Wint used a specific type of machine-learning model called a convolutional neural network (CNN). The specific architecture of the CNN is called Xception, a 71-layer convolutional neural network architecture particularly effective in learning image data. Wint implemented this CNN using the machine-learning library TensorFlow. His model was trained on a set of 10,000 high-altitude images taken in a 32.2km X 32.2km region of Washington County, AR, achieving a minimum average error value of 115 meters.

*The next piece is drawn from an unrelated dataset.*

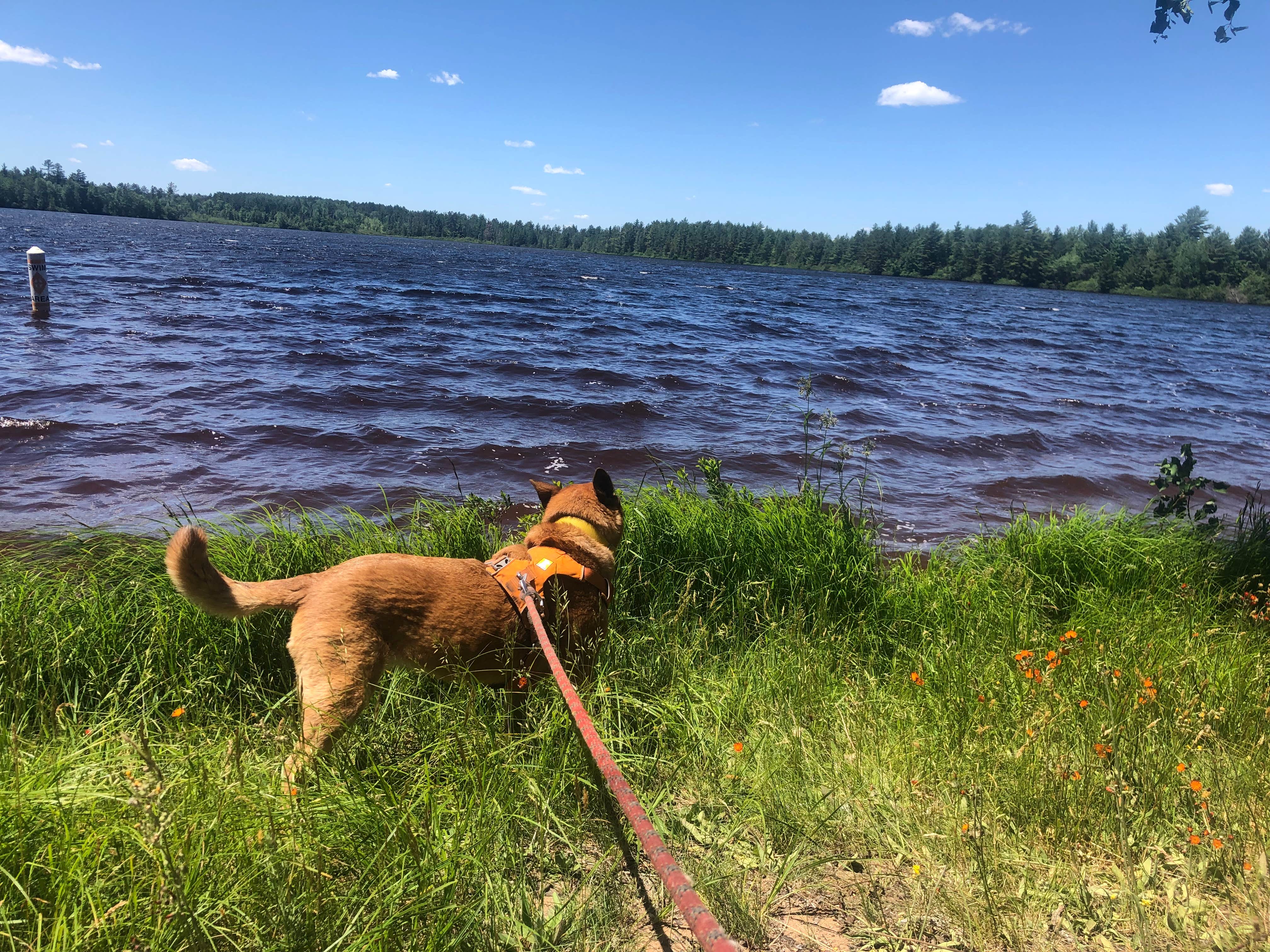 Art S.'s photo of camping with pets at Sandy Beach Lake Campground — Northern Highland State Forest near Chequamegon-Nicolet NF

Dr. Rainwater presented some of his ongoing research projects to a class that I was part of in the spring semester of 2022. This project that he was working on with Wint seemed particularly interesting to me, so I reached out to him to find out how I could contribute to it. We met, and he described some of the possible extensions of the code that could be tested out. Wint’s original code uses the neural network to take in the high-altitude images one at a time and output a prediction of the latitude and longitude of where the image was taken. The difference between the true location and the predicted location of the image. As is, the model is fed in the images in random order and makes each prediction independent of the others.

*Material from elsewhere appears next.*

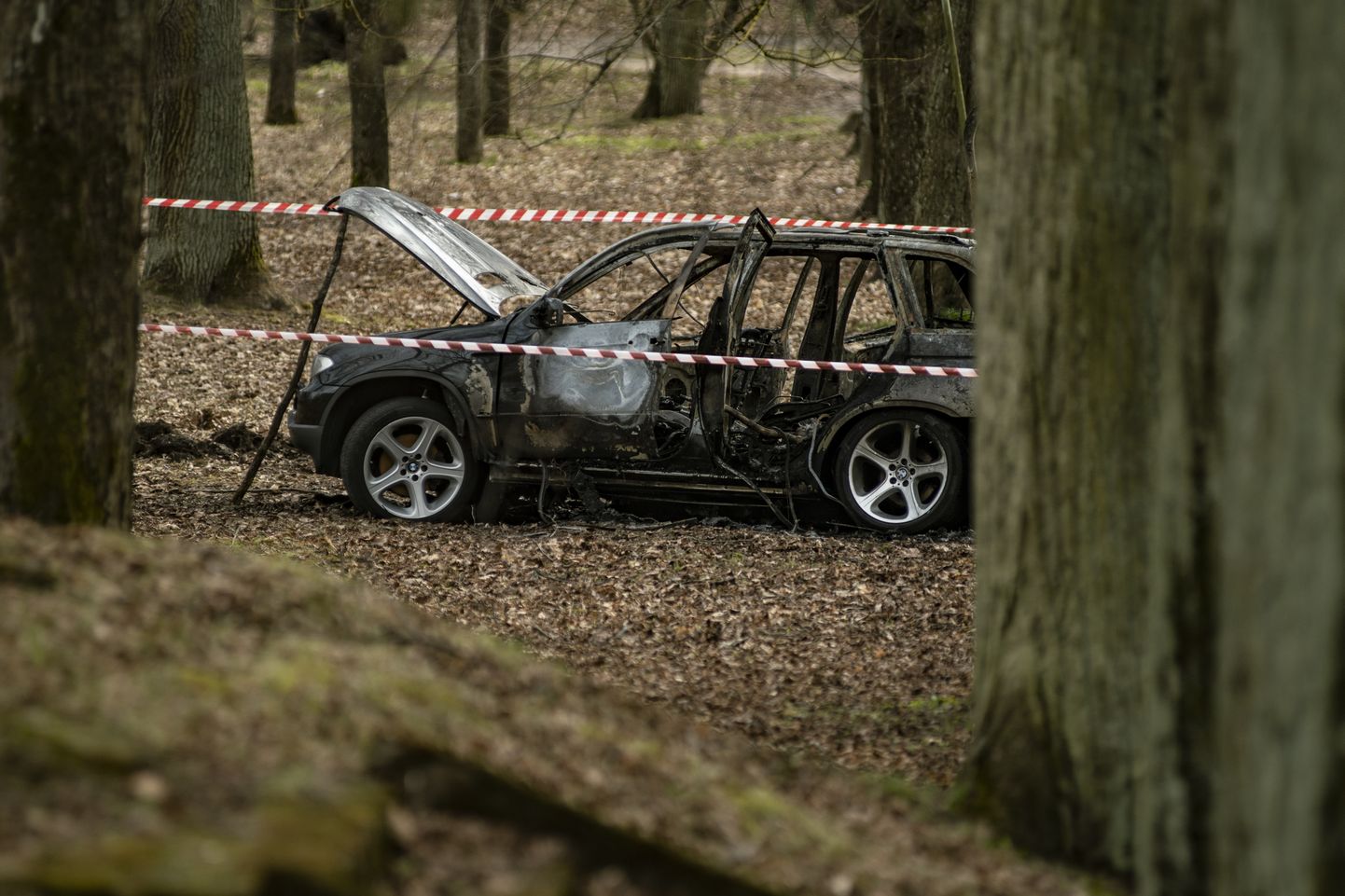 Сгоревшая в Межапарке машина, использовавшаяся при убийстве Романа Беззубова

The goal of my research is to extend the model to consider predictions of multiple images when estimating the location of each image. The neural network would be rewritten using long short-term memory (LSTM), which is a mechanism that allows a neural network to consider previous predictions when making the current prediction. I will then feed in a series of images as if they were taken by a moving drone into the model to test if the performance of the model will improve with the capability of using consecutive images in the way that it would receive them from a drone flying. This can also be applied in the case where the drone is taking a video while flying, and the code can separate the video into a series of images, which can be fed to the model.
During this past spring, I spent most of my time familiarizing myself with Wint’s code. During that semester, Dr. Rainwater and I decided to change the implementation of the code to use Pytorch instead of TensorFlow. There is more flexibility available with Pytorch as well as more documentation of implementations similar to this project. So, during the spring semester and this fall semester, most of my efforts have been spent porting this code over to Pytorch. This has come with several challenges due to some major differences in the way that the two libraries are constructed.
Using Wint’s code as a basis, I created a Pytorch version of the Xception CNN. This is just the base model that the LSTM model will be built upon. Throughout this semester, there has been a focus on getting the performance of the Pytorch model to match that of the TensorFlow model. When the initial Pytorch implementation was tested, it provided very poor performance with model learning plateauing at around 10% of the width of the training area, around 3200 meters. I spent much of the fall semester experimenting with different loss functions and regularization techniques to improve model performance. After some fine-tuning of multiple parameters of the model, the Pytorch model is still underperforming with its best average error being around 620 meters, or about 2% of the width of the sampled area.
Going into the spring semester, I will be continuing work on improving the performance of the Pytorch model with help from Dr. Rainwater and another student working with him, Rafael Toche Pizano. Once the Pytorch implementation is performing at a level comparable to the TensorFlow model, I will begin the implementation of the updated model with LSTM capabilities to compare its performance to the base Pytorch model. The goal of this is to determine if using LSTM is worth the extra computational power that will be required compared to the more basic model.